User image 1 匿名ユーザーさん 2014年01月13日 23時43分

 養子縁組をして結婚した夫が多額の借金を残して死亡しました。 妻の私・子供・実の親・養父母(私の親)・私と夫の兄弟まで相続放棄の手続きをしましたが、私の母方の祖母が生きており、祖母についての相続放棄はまだです。直系ではないのに養子縁組をしているからという理由で、手続きが必要なのではということを聞いたのですが、いったいどこまでさかのぼっていけば良いのでしょうか?


(40代:女性)

匿名弁護士

 ご相談の場合、あなたの母方の祖母もまた、相続放棄の手続きをする必要があります。


 多額の借金があるなどの事情により、親族の誰も相続をしたくないという場合には、直系尊属兄弟姉妹配偶者のすべてが相続放棄を行う必要があります(民法939条887条889条890条)。

なお、子や兄弟姉妹がすでに死亡している場合、その子も相続人となりますので、注意が必要です(民法887条)。


 よって、ご相談の場合にも、まずは被相続人である夫の、子、直系尊属(実父母)、兄弟姉妹、そして配偶者のすべてが相続放棄を行う必要があることになります。
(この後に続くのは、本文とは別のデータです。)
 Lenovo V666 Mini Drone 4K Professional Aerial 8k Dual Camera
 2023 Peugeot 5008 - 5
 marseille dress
 また、夫が婚姻をするとともに妻の両親と養子縁組をしていますので(いわゆる婿養子)、養子である夫は、縁組の日から養親の嫡出子たる身分を取得しています(民法809条)。

そのため、本件では、夫の養親もまた、直系尊属として相続放棄をする必要があることになります。


 さらに、子と父母が相続放棄をしているときは、生きている祖父母が相続人となりますので(民法889条1項1号)、本件では、あなたの母方の祖母もまた、「直系尊属」として相続放棄をする必要があります。

 
生きている祖父母がいない場合でも、曾祖母など、生きている尊属がいれば、そこまでさかのぼって相続放棄の手続きをする必要があるのです。
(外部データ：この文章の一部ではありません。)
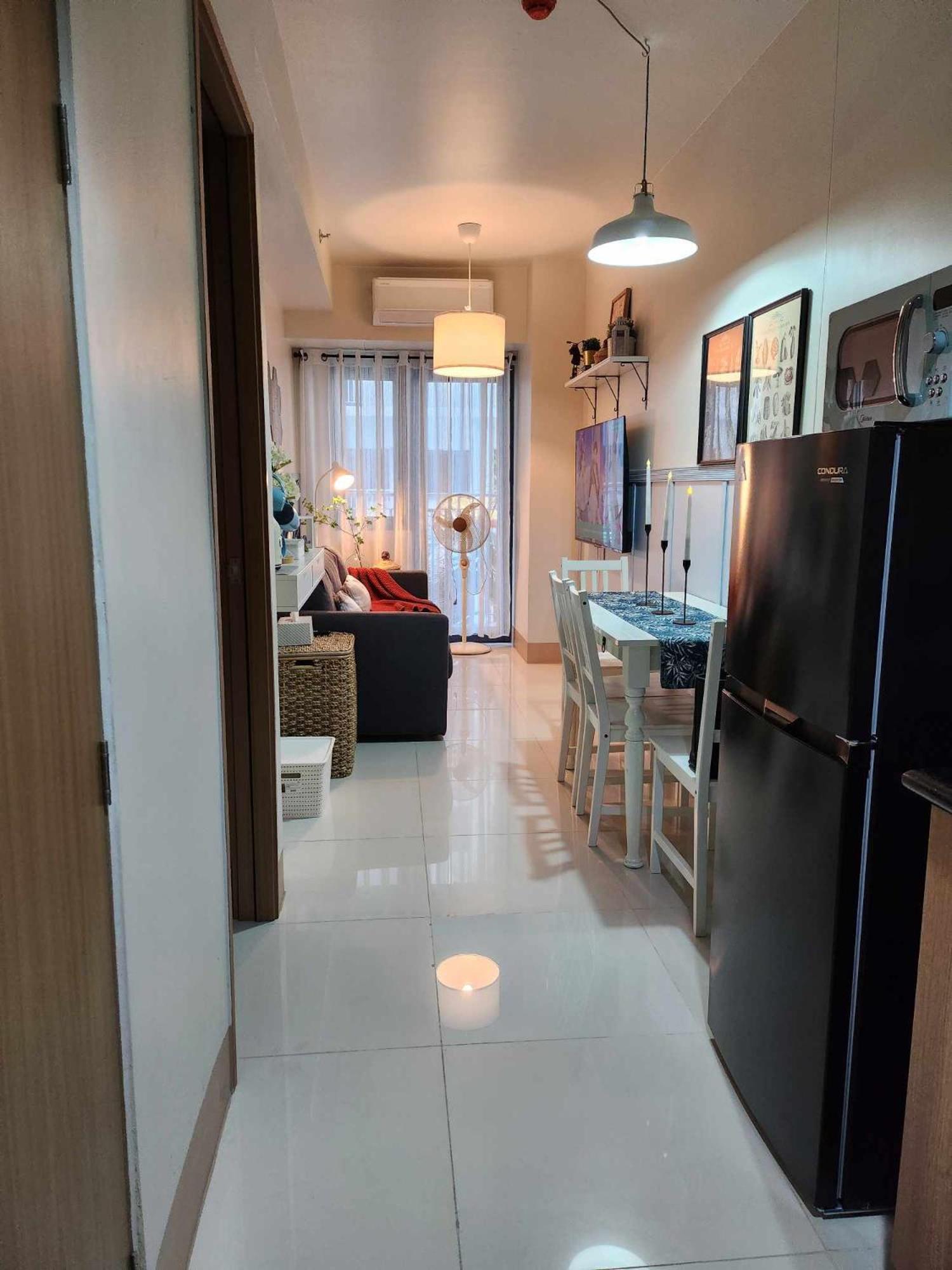 My Humble Abode At Shore 3 Pasay Exterior photo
 以上により、本件では、すでになされている「妻・子供・実の親・養父母・妻と夫の兄弟姉妹」の相続放棄の手続きに加えて、あなたの母方の祖母もまた、相続放棄の手続きをする必要があることになります。


 相続放棄をすることができる期間は、原則として、自分のために相続の開始があったことを知ったときから3ヶ月以内と定められているので、注意してください(民法915条1項)。

2014年01月13日 23時43分

投稿時の情報です。適法性については自身で確認のうえ、ご活用ください。